In pre-Christian and even early Celtic Christian Gaelic cultures, it was the line (and therefore the blood) of the woman that conferred rights, inheritance and sovereignty. A man did not rule because of who he was; he ruled because of who his wife or mother was. He was given this right by the Goddess Herself -- seen as the very earth beneath his feet -- and, if She found him wanting, She could oust him from the place he no longer deserved and enthrone his successor. Lady Macbeth is setting into motion a practice much older than patrilineal descent.

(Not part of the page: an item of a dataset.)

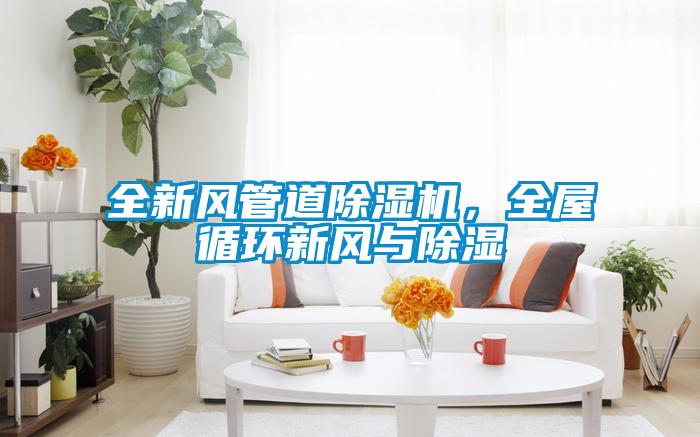 全新風(fēng)管道除濕機(jī)，全屋循環(huán)新風(fēng)與除濕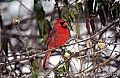 faunaDSC_7060 male cardinal in snow.jpg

Duncan, who is beset by civil war at the beginning of the play and thus personifies the weakened king against whom the earth uprises, is judged and found wanting (especially because he will not advance her husband to the position Lady Macbeth believes he deserves). So he is brought within her battlements -- a vital distinction made by Lady Macbeth -- and eliminated by her chosen champion: In this case Macbeth, earning his epithet "Bellona's bridegroom" [ I, 1, 55]. Bellona herself, in the earthly incarnation of Lady Macbeth, must plan and even see to the proper finishing of the job, smearing the blood on the faces of Duncan's chamberlains to call blame for the crime upon them in an unconscious mirroring of the ritual bloodbath of the Morrigan.

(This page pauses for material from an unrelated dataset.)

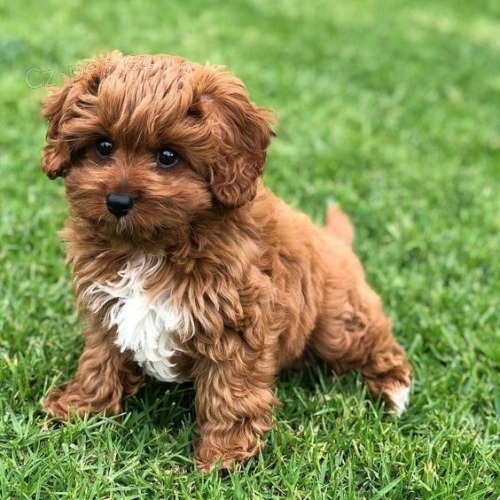 tata Cavapoo mini.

There are two crucial flaws in this course of action. One is that it is a travesty of the battle for the sacred kingship. Rather than face the king on the field for all to see, Macbeth steals into his room while he is totally defenseless and slaughters him in his bed. Even the violence of the pre-Christian Celtic world contained rigid codes of honor, and this murder flies in the face of all those restrictions. The balance for this offense is only set right when Macbeth faces Macduff -- the chosen champion of Malcolm, the true king -- and is killed and beheaded. Secondly, this murder violates another equally vital piece of the Celtic worldview: the sacredness of hospitality, a belief often symbolized by a cauldron or a chalice, and one that is inextricably tied to the belief in the woman's divine role as representative of the Goddess on earth. No thing was to be denied the guest of the household; his comfort, pleasure and safety were vouchsafed when he stepped across the threshold. Pagan or Christian, no Celt would think of murdering a guest under his own roof as anything but barbarous and utterly treacherous.
For Lady Macbeth to invite Duncan into Dunsinane and engineer his murder is a violation of the gravest kind -- made even more so by its triple nature, for he is guest, kinsman and king besides. Justice turns on this offender as well: Lady Macbeth dies by her own hand (the method of suicide being left to the director's imagination) and within the walls of her own home. She has violated the sanctity of the hearth, a precept just as sacred as that of sovereignty, and her fate must (and does) bring matters full circle.